Task brief –
Your output should be the lines from the start of the data through the line containing "30cm USB Cable", exactly and nothing more.

◇ ◇ ◇ ◇

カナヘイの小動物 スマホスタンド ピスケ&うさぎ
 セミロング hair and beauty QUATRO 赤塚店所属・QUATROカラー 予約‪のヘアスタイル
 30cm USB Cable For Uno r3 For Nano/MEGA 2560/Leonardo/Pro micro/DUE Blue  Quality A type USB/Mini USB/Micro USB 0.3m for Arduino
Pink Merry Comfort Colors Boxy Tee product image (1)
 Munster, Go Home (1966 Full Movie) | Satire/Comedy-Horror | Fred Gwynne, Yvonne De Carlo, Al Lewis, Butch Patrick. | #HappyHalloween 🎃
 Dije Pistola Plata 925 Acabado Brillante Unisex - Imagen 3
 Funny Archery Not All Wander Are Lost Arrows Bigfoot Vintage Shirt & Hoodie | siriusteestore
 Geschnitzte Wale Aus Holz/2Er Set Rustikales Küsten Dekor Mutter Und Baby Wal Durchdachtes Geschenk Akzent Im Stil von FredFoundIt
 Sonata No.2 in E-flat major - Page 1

◇ ◇ ◇ ◇

Expected answer –
カナヘイの小動物 スマホスタンド ピスケ&うさぎ
 セミロング hair and beauty QUATRO 赤塚店所属・QUATROカラー 予約‪のヘアスタイル
 30cm USB Cable For Uno r3 For Nano/MEGA 2560/Leonardo/Pro micro/DUE Blue  Quality A type USB/Mini USB/Micro USB 0.3m for Arduino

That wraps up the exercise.